En la lógica del capital el valor de verdad es desplazado por el valor de los valores que es la plusvalía, es decir, la apropiación del valor de la fuerza de trabajo en nombre del valor supremo del capital. Entra aquí también en juego la apropiación del tiempo singular y de la fuerza vital o anímica de cada cual, pues como bien se sabe, los ciudadanos han pasado a ser consumidores, y la ‘libertad individual’ reducida al valor económico de la libertad. Lo único que cuenta en el recuento del capital es la ganancia (profit), la libre circulación de las mercancías, el aumento de la riqueza (wealth) y su concentración en quienes sean más capaces de reproducir la «relación privada» del capital consigo y, por lo tanto, el progreso infinito del valor. «El valor deviene así valor progresivo, siempre emergente, pujante y, en cuanto tal, capital.»[4] La representación abstractas del valor que son la mercancía y el dinero pasan a ser, en consecuencia, las «formas puras» de una sistemática falsificación de lo real que hacen de la plusvalía un criterio de normalidad para conformar el orden social y la sujeción interior de los aspectos más íntimos de la vida humana. Esa es la esencia del capitalismo, su transfondo metafísico y cuasi teológico. En efecto, estas «formas puras», como las designa Marx, han pasado a ser el fundamento abismal de lo que se representa como realidad. Se trata de un fundamento abismal porque, en efecto, la lógica del capital y su aparato cibernético, han sacado a relucir el vacío del mundo, pero desentendiéndose por completo de sus implicaciones. Ese quizá sea el aspecto más imponente de la primera civilización mundial y no, como suele decirse, la supuesta ‘inteligencia artificial’. (¿Se quiere mayor artificio que el la inteligencia de ese extraño animal que habla y es nombrado por ese otro que lo identifica como si fuera siempre uno mismo?)

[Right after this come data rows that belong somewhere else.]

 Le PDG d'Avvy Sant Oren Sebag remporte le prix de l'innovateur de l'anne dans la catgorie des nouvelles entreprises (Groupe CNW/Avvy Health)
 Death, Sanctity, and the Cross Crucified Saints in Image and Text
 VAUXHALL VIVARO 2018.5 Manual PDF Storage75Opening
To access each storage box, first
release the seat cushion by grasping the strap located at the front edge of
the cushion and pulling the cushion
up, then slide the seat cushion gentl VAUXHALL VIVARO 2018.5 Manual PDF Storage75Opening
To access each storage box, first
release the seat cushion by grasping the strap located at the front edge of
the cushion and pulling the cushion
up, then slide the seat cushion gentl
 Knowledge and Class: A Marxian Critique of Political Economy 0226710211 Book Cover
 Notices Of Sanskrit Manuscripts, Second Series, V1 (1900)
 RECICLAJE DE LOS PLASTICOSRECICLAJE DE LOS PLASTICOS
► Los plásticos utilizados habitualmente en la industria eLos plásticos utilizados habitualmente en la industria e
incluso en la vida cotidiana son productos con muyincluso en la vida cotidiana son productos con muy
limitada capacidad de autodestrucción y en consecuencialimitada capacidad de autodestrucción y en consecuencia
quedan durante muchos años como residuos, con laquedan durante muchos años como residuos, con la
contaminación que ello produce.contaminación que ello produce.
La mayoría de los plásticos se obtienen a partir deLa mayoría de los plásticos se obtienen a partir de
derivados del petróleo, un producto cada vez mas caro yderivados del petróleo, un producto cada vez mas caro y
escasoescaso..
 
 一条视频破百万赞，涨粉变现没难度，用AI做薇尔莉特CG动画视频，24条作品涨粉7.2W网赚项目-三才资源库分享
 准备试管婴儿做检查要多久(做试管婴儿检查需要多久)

¿En qué consiste este vacío del mundo? Limitémonos a precisar lo siguiente. El concepto de vacío nos refiere al fenómeno de la existencia y al hecho de que, más allá de las categorías del lenguaje y la proyección del pensamiento, no hay un sustrato, material o inmaterial, que sirva de sustrato o soporte a lo que aparece como realidad. Entender lo real, lo que está siendo, conduce a reconocer que no hay un fundamento último de lo real. Lo que hay es el persistente aparecer y desaparecer de los fenómenos, tan abismal como alucinante. Persistir no es permanecer. Dicha forma verbal nos refiere a la insistencia del energetismo metabólico del devenir que Spinoza, por ejemplo, nombra como conatus: «Todo lo que existe se esfuerza, en cuanto puede, por perseverar en su ser.» Se explica así la relativa estabilidad de las condiciones de la existencia que lleva el nombre de homeostasis; pero también la relativa estabilidad de todos los fenómenos (macro y micro físicos) en función de las tres constantes universales: la velocidad de la luz (c), la constante de Plank (h) y la constante gravitacional (k).[5]

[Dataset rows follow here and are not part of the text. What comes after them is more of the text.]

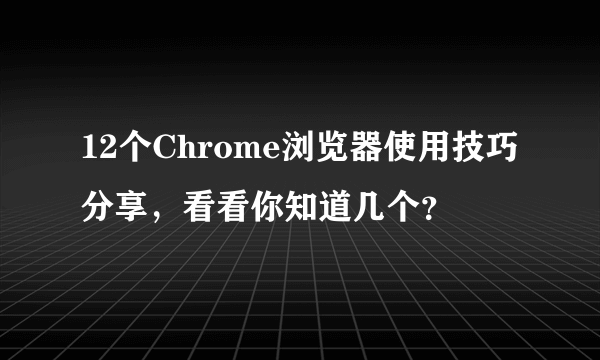 12个Chrome浏览器使用技巧分享，看看你知道几个？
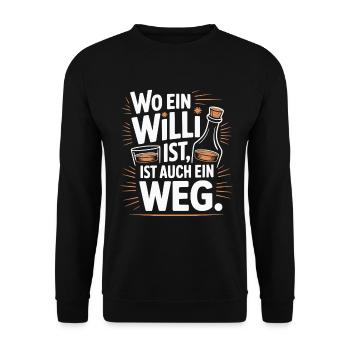 Wo ein Willi ist, ist auch ein Weg – Spruch - Unisex Pullover - Schwarz - Vorne - Alina (178cm) & Michal (187cm)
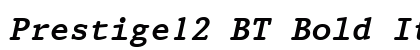 Prestige12 BT Bold Italic Preview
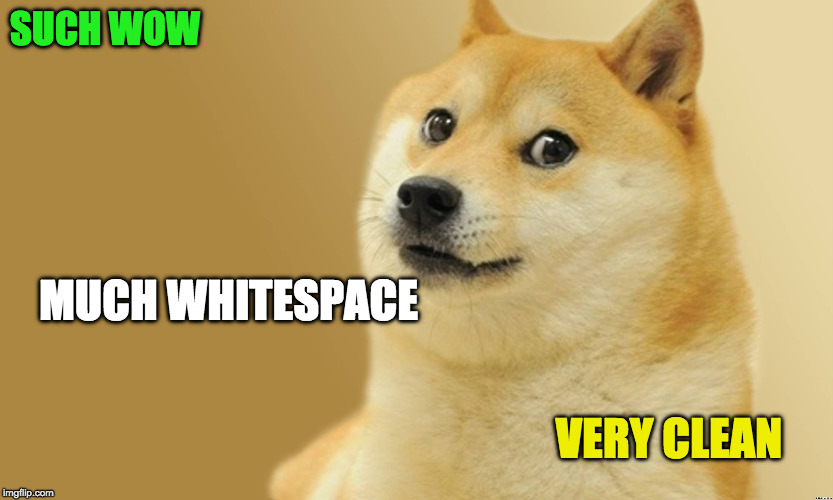 Much Whitespace - Imgflip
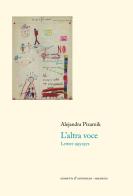 L' altra voce. Lettere 1955-1972 di Alejandra Pizarnik edito da Giometti & Antonello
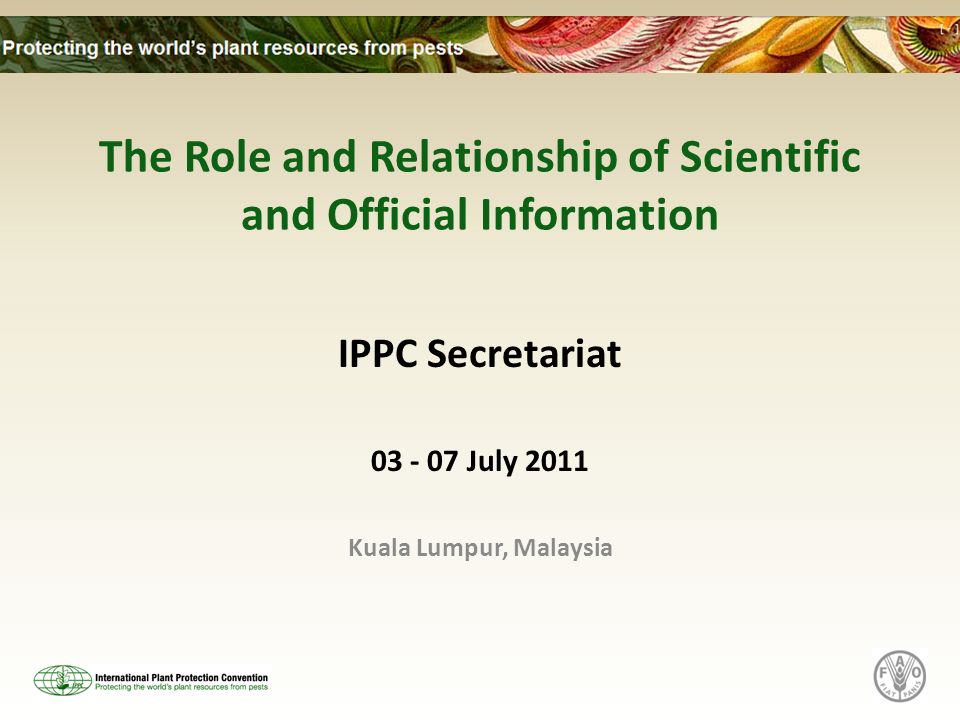The Role and Relationship of Scientific and Official Information IPPC Secretariat July 2011 Kuala Lumpur, Malaysia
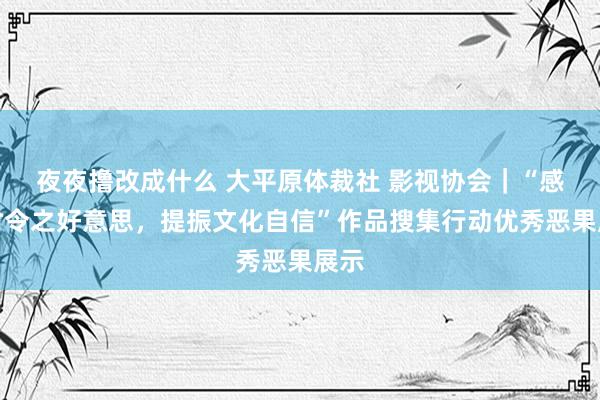 夜夜撸改成什么 大平原体裁社 影视协会｜“感悟时令之好意思，提振文化自信”作品搜集行动优秀恶果展示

El vacío indica además que, en virtud de lo anterior, nada existe en sí ni por sí mismo, independiente de sus condiciones de posibilidad. Lo que prevalece es el entramado infinito de lo que aparece, en el plano humano, como realidad y el trasfondo insondable que es la envoltura in-humana de lo real. Finalmente, el vacío implica la plenitud y perfección de lo real, una vez se asume, con todas sus consecuencias, lo que Nietzsche llamó la inocencia del devenir.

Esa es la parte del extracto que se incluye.